Edwards is now a walking time bomb, as is anyone who makes sustained contact with him. As the cops desperately try to find him without turning L.A. into a panic zone, director Irving Lerner ratchets up the tension with some evocative location work and brief 1¼-hour running time. There’s also a good unheralded performance by Patricia Blair as Edwards’ girlfriend — so hot and so aware of it that she’s all too pleased with herself being belligerently uncooperative with the police. She gets away with it until the final scene, when we can see that she has probably hugged Edwards once too often. All but setting off Geiger Counters, we sense that that she stands a good chance to look (before too long) like something out of 28 Days Later.
Nightfall (1957): Released to very little fanfare early in its year, Jacques Tourneur’s innocents-attacked quickie has picked up a small cult over the years — though nothing to rival the one for the director’s Robert Mitchum-Kirk Douglas-Jane Greer Out of the Past (which has a plot even more convoluted).
Nonetheless, I would not enjoy being charged with writing a linear plot synopsis, thanks to a whiplashing back-and-forth flashback structure that’s employed once a freelance artist (Aldo Ray) chance-meets a model (Anne Bancroft, back before Broadway super-charged her career). Both are endangered, thanks to Ray’s previous involvement on a camping trip with a couple of creeps he’s saved from car trouble, only to find out they’ve just robbed a bank. If you’re a mental collector of novel ways in which baddies meet their maker in climactic payoff scenes, this has one of the best.
The Brothers Rico (1957): Richard Conte is a former mob accountant nicely set up in an honest Florida dry-cleaning concern. But his brothers (Paul Picerni, James Darren) are implicated in a too-noisy “hit,” and the mob is fretting that one or both may squawk. Hoping with his wife (Dianne Foster) to adopt a child, Conte isn’t wild about being leaned on by the big boys to intercede, but brothers are brothers.
Martin Scorsese so appreciates the familial subtext in this adaptation of a Georges Simenon novel that he introduces what critic Andrew Sarris said, in his landmark book The American Cinema, was probably the best movie directed by noir-royalty Phil Karlson’s. (Of the many alternatives I myself prefer, first and foremost is 1955’s memorably brutal The Phenix City Story, which will be out next week in another noir box from Warner Home Video).

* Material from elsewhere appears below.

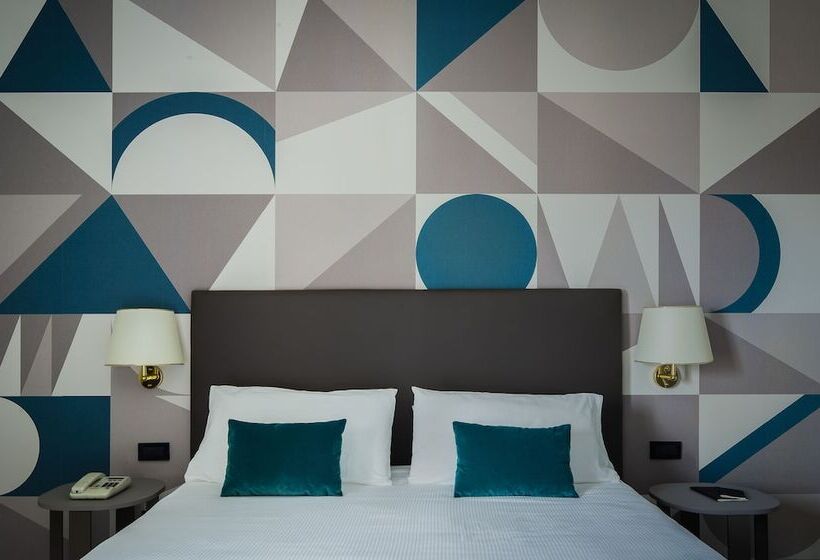 חדר סופריור, Beatrice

Speaking of which: Don’t run to the refrigerator in the final five minutes because Rico has one of the most jarringly fast wrap-ups since they heyday of Warner Bros. in the early ’30s. But I do like the at-home interplay here between the principals, who demonstrate that this is one ’50s movie where a married couple likes to get it on. In one early scene Conte spends what must be half-a-minute trying to get Foster to join him in the shower. We never saw anything like this on “The Donna Reed Show.”